会期:2023年4月11日(火)~15日(土)
会場:One Art Space Gallery ワン・アート・スペース・ギャラリー(23 Warren St, New York, NY 10007, USA)
NYアートの最前線、トライベッカから世界へ――One Art Space Gallery
アートの中心地として知られるニューヨークには、チェルシー、ソーホー、ロウアー・イースト・サイドといったギャラリーが密集するエリアが点在し、コンテンポラリーアートの名作からストリートカルチャーを反映した作品まで、多種多様な表現に触れることができます。そんな多彩な魅力を持つ街の中で、いま特に注目されているのがマンハッタン南部のトライベッカです。
もともとはウォール・ストリートに隣接するビジネスエリアとして発展しながら、近年ではアクセスの良さと落ち着いた街並みから、ハリウッド俳優や著名なクリエイターなどが暮らす高級住宅街としての一面も持つようになりました。地域の再開発が進むにつれて、洗練されたショップや人気レストラン、カフェなども続々と登場し、街全体がスタイリッシュに生まれ変わっています。
さらに、著名ギャラリーの移転を機に、アートスペースの進出も加速。

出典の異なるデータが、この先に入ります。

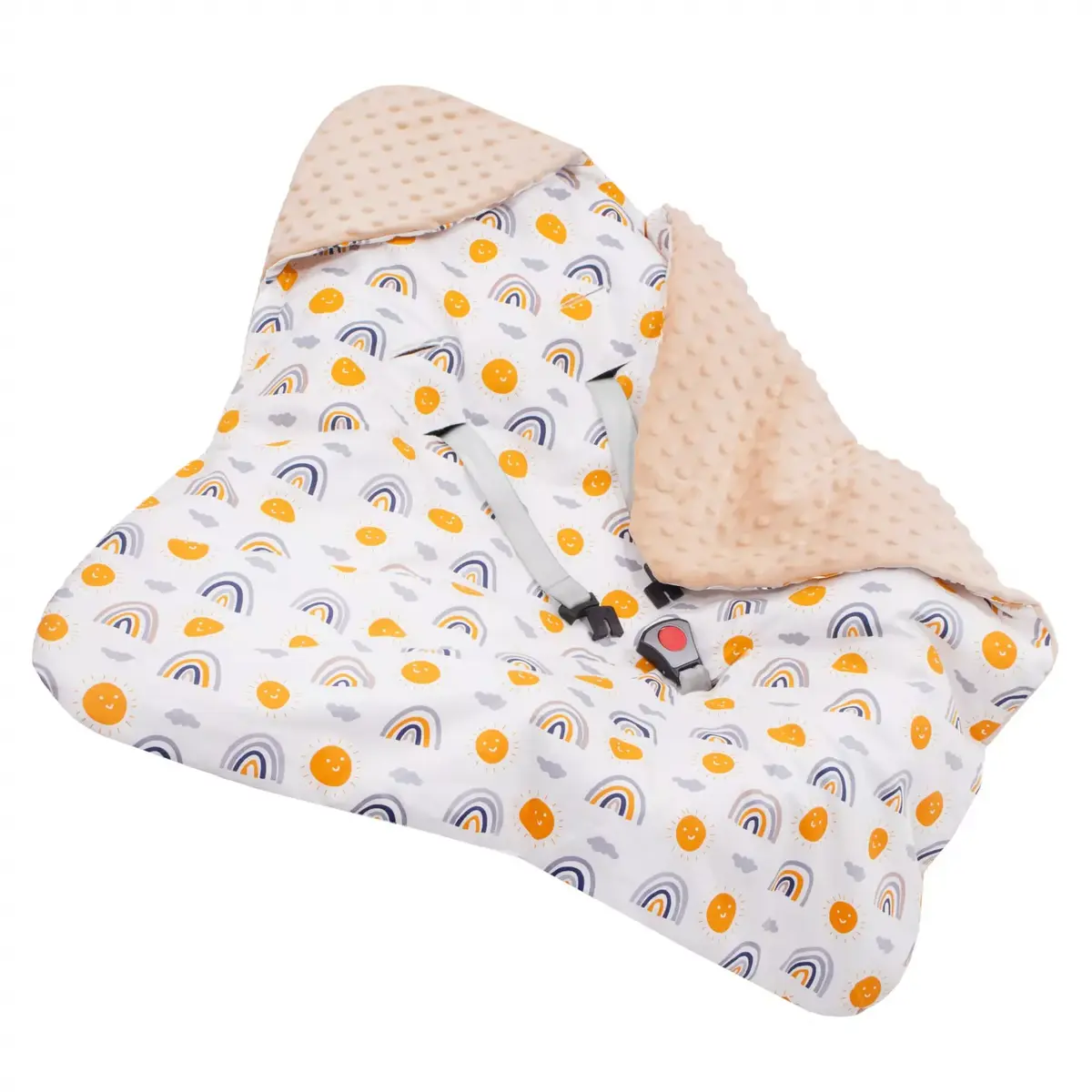 Baby wrap Springos SB0051 reversible blanket 77×77 cm Photo 5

トライベッカは今、新たな「アートの街」としての地位を築きつつあります。
その中心に位置するのが、「One Art Space Gallery」です。

世界を旅した光と色彩がニューヨークに集う
2023年4月、2年半に及ぶコロナ禍を経て、宮内紀子氏の個展「彩りに身をゆだねて」がニューヨークで開催されました。
宮内氏は、頭の中に浮かんだイメージを、美しい色彩、光の軌跡を思わせる大らかなタッチで描き出す油彩画家です。作品には、絡み合う紐や巧みに配置されたモザイク模様、波打ち際の水面など、抽象と具象が共存し、鑑賞者を想像の世界へと誘います。具体的な図像と抽象的な空間を見事に調和させるバランス感覚と色彩表現は、見る者に「感情の揺らぎ」をもたらし、安らぎや高揚といった多様な感覚を呼び起こします。

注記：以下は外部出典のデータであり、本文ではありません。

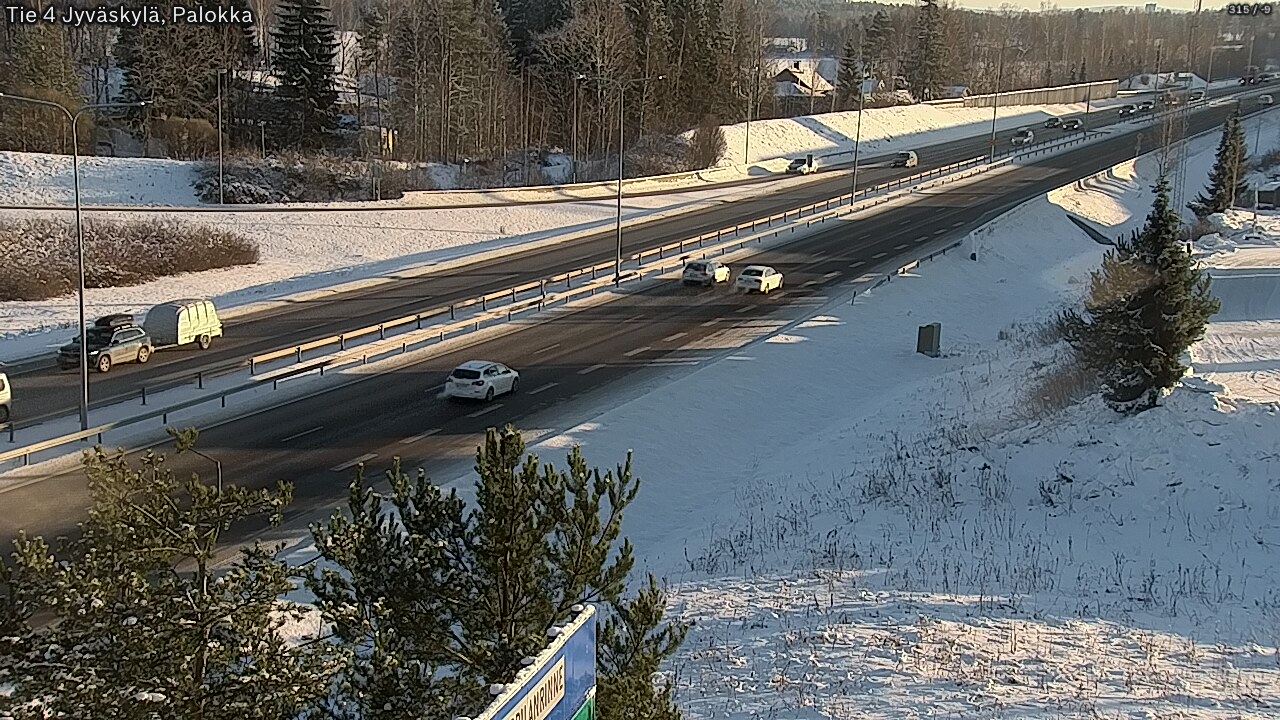 Weather Camera Image Road 4 Jyväskylä, Palokka, Jyväskylä, Keski-Suomi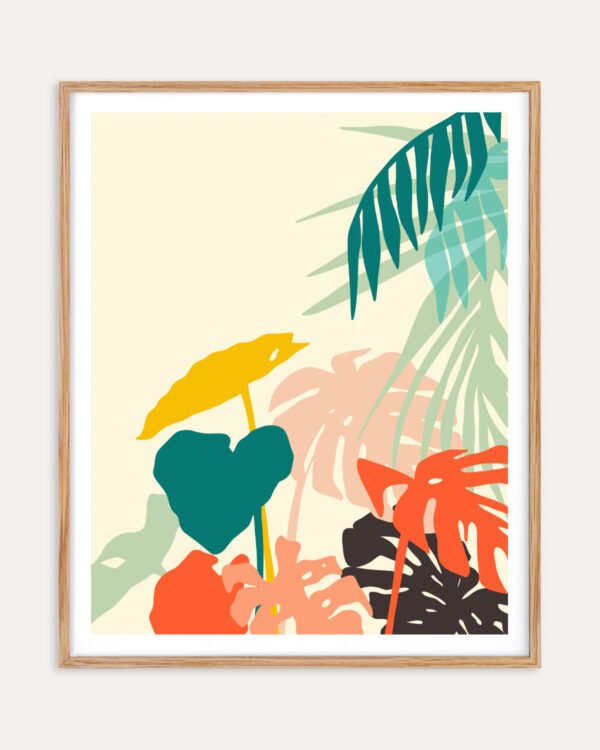 Shop tropical nature Art Print, Canvas Print, digital printable download - available at 83oranges.com by artist Uma Gokhale India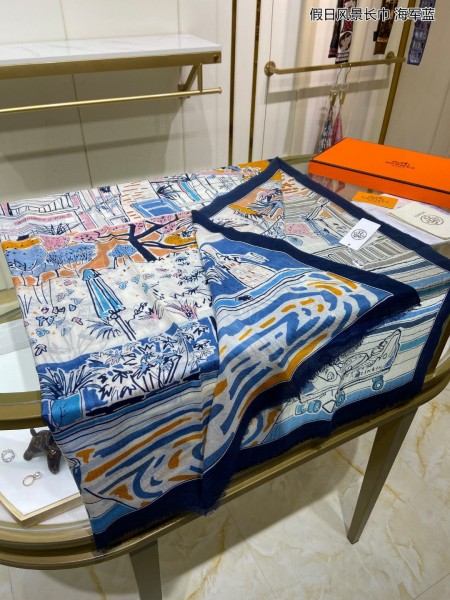 Streetwear Scarf Hermes   329720 size：110*200cm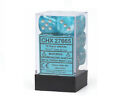 * Chessex Dice D6 Aqua And Silver 12 Count Chx27665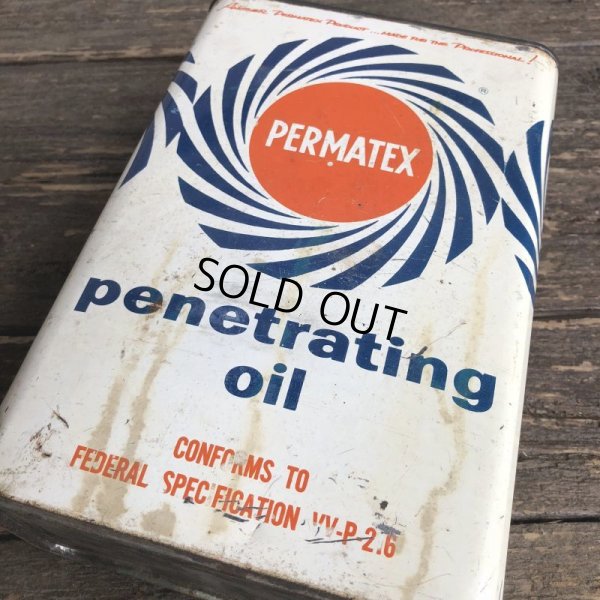 画像7: Vintage Oil Can Permatex One U.S. Gallon (J952)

本展では、東京、パリ、ドバイと世界を旅してきた22点の作品が一堂に会し、ニューヨークの街角を鮮やかに彩りました。宮内氏ならではの視点から生まれた心象風景の数々が、訪れた人々の心に深く響く展示となりました。

ニューヨークでも高評価 鑑賞者の心に残る展示に
会場には、アートファンはもちろん、ニューヨークで活躍するクリエイターや法律関係者など、多彩な来場者が訪れました。オープニングパーティーには、日ごろからギャラリー巡りを楽しむ人々も足を運び、空間を彩る鮮やかな色彩の世界に魅了されている様子が印象的でした。
来場者からは、「作品のキュレーションが素晴らしい」「色の輝きが美しい」「どの作品にも強く惹きつけられた」といった声が寄せられ、展示が心に深く届いたことがうかがえます。なかには、「彼女がまたニューヨークで展示をする際にはぜひ知らせてほしい」と再訪を願う声もあり、宮内氏の作品が多くの人々に感動と記憶を残したことを物語っています。